- **Dataset excerpt**
══════
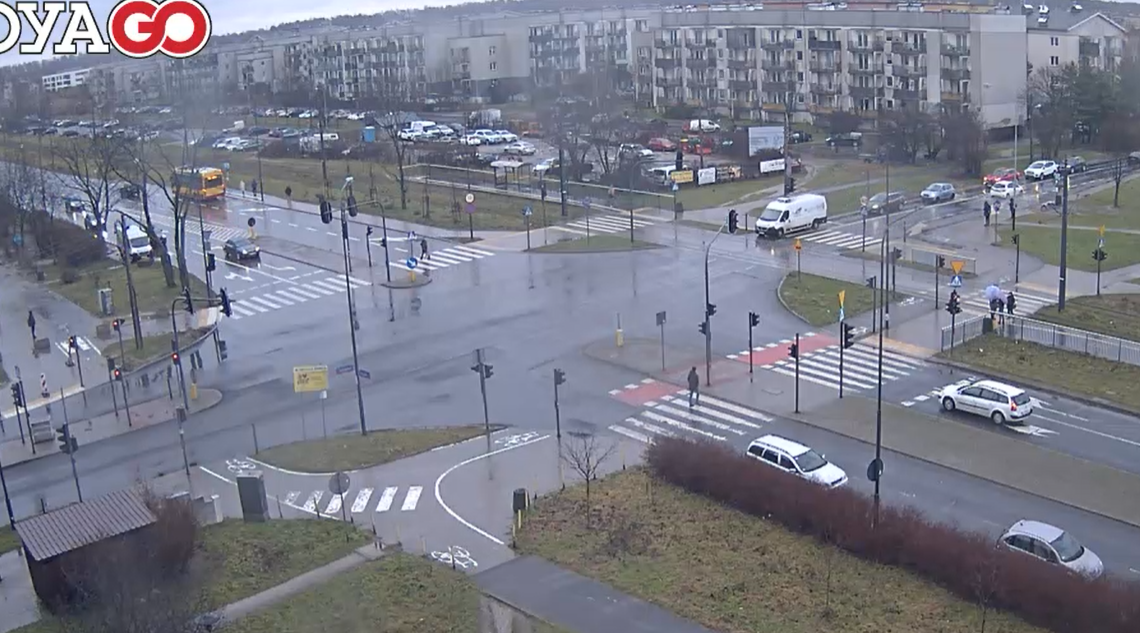 Zatrzymanie ruchu tramwajowego na Olechowie 1 Zatrzymanie ruchu tramwajowego na Olechowie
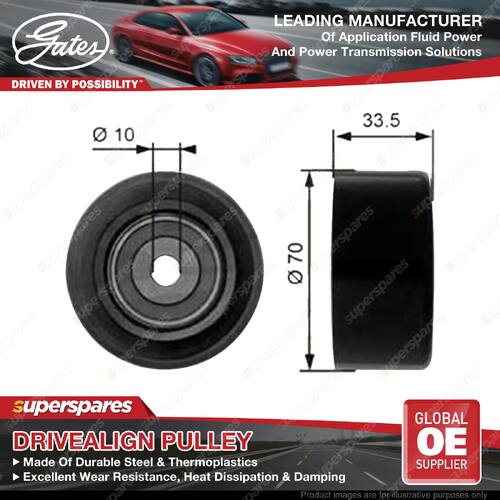 Gates DriveAlign Idler Pulley for Lexus GS GRS190 RX GSU35 GGL15 3.0L 3.5L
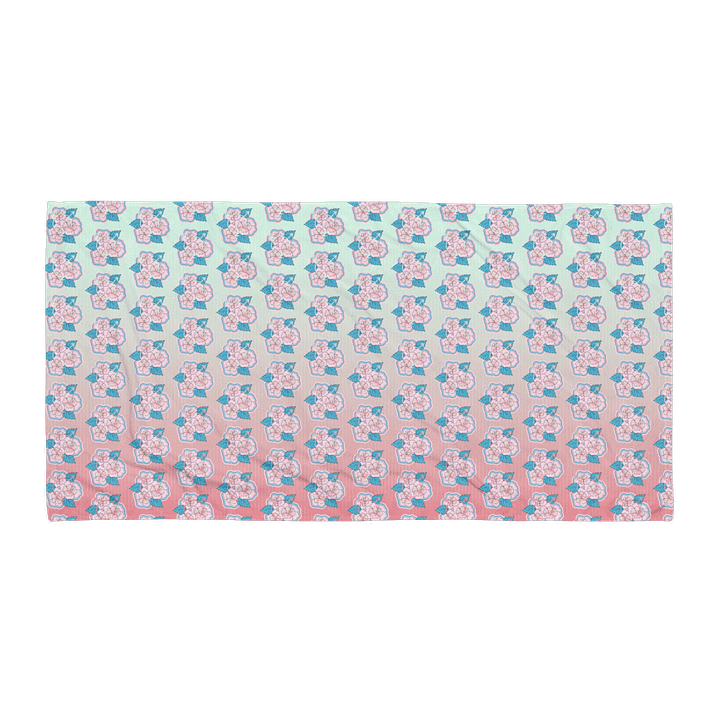 LGBTQIAP2S+ 2025, Trans Flower with Symbol, Towel product image (1)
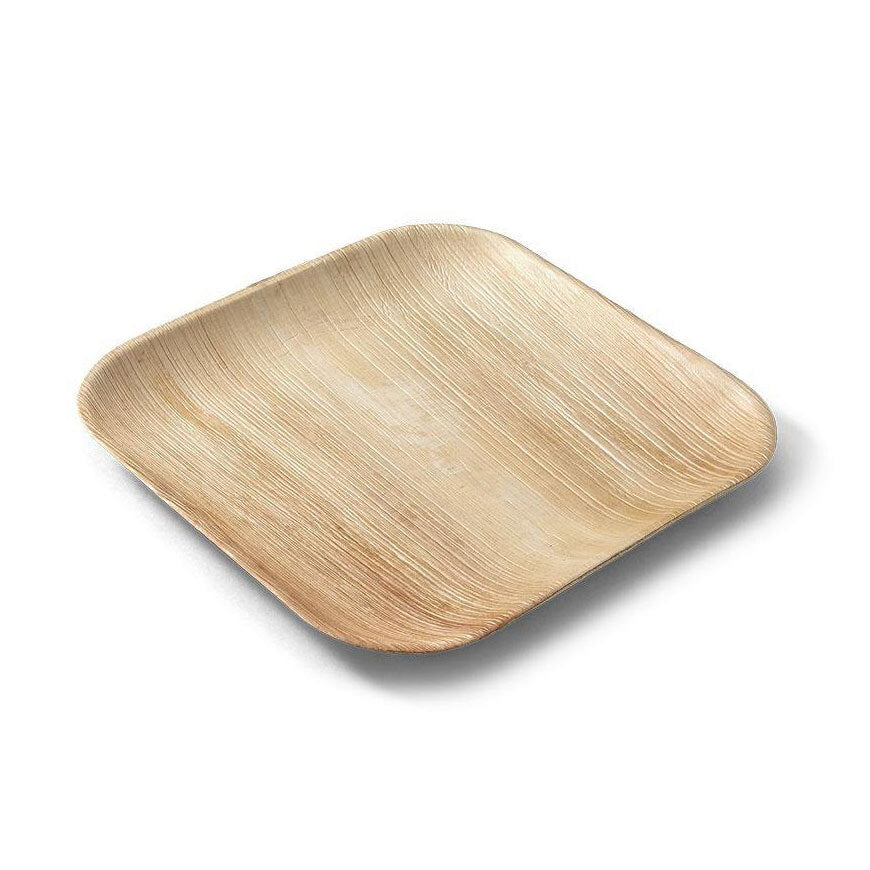Eco Soulife Disposable Compostable Areca Nut Leaf Large Square Plates 25cm (5 Pieces) — image 2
══════
- **Goal of the exercise**
A word-for-word restatement of all the lines above is needed, with the pictures omitted.

- **Response below**
 Zatrzymanie ruchu tramwajowego na Olechowie 1 Zatrzymanie ruchu tramwajowego na Olechowie
 Gates DriveAlign Idler Pulley for Lexus GS GRS190 RX GSU35 GGL15 3.0L 3.5L
 LGBTQIAP2S+ 2025, Trans Flower with Symbol, Towel product image (1)
Eco Soulife Disposable Compostable Areca Nut Leaf Large Square Plates 25cm (5 Pieces) — image 2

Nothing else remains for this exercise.